3D Gun Blueprints Downloaded 100K Times In Two Days: “The Technology Will Break Gun Control”

Photo Credit: Harryvos.com

 

Cody Wilson had a vision to forward the digital revolution by creating the nation’s first firearm on a 3-D printer, and, taking a page from WikiLeaks, share the blueprints with the world via the Internet in what he called the “Wiki Weapons project.” Now he is suing the federal government in hopes of keeping his dream on target – and staying out of prison.

Wilson was so taken with the idea, he dropped out of law school and designed “The Liberator,” the nation’s first pistol built exclusively on a 3-D printer, consisting of 12 separate parts made from plastic and a single metal firing pin.

Within two days of publishing the blueprints on the Internet, on May 5, 2013, 100,000 people around the world had downloaded them. The goal, Wilson said, was to invalidate the government’s “unconstitutional” hold on gun technology. “The technology will break gun control,” said Wilson, who formed the non-profit organization, Defense Distributed, with his partner, Ben Denio, in Little Rock, Ark., in the summer of 2012. “I stand for freedom.”

But Wilson’s invention also caught the attention of the State Department, which came after him with both barrels blazing. The feds claimed Wilson violated the International Traffic in Arms Regulations, which “requires advance government authorization to export technical data,” and as a result, could spend up to 20 years in prison and be fined as much as $1 million per violation.
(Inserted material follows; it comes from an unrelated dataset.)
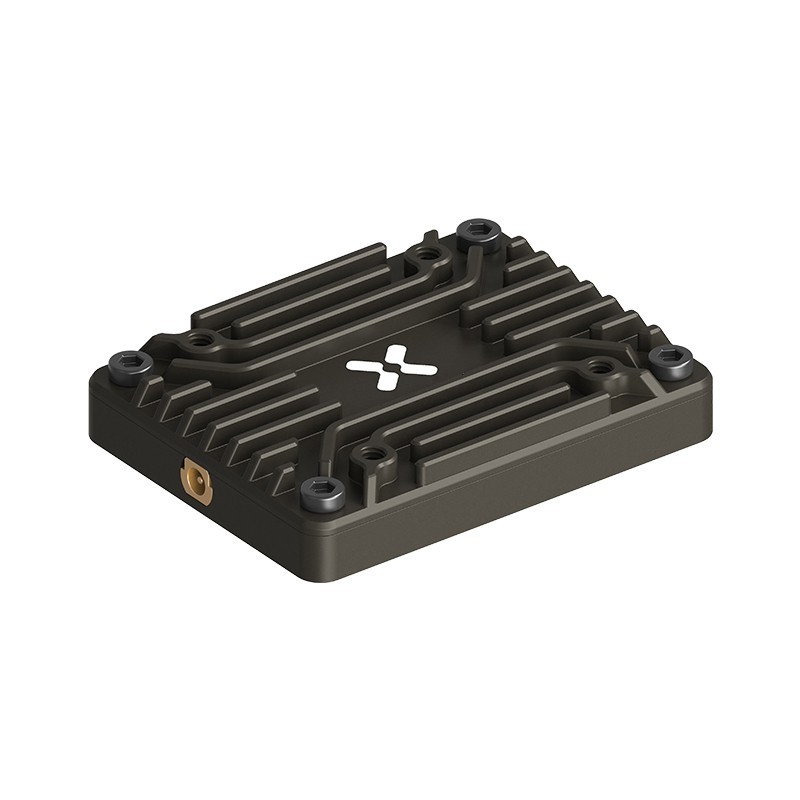 Foxeer 5.8G Reaper Extreme V2  - Foxeer Reaper Extreme 2.5W Vtx recensione e prezzo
Wilson was ordered to remove the blueprints for The Liberator from his website. The government also told him they were claiming ownership of his intellectual property. “Defense Distributed is being penalized for trying to educate the public about 3-D guns,” said Alan Gottlieb, founder of the Washington-based Second Amendments Foundation, whose organization is backing Defense Distributed in a court action.

A metal printer that can build a firearm costs about $10,000 and the price continues to drop. Meanwhile, some government agencies have proposed forcing those who purchase printers to register them as they would firearms. “The government does not know how to even begin to deal with these problems,” said John Lott, president of the Crime Prevention Research Center and a frequent FoxNews.com columnist. “I understand that government wants to regulate this, but it is too late. Technology moves faster than government.”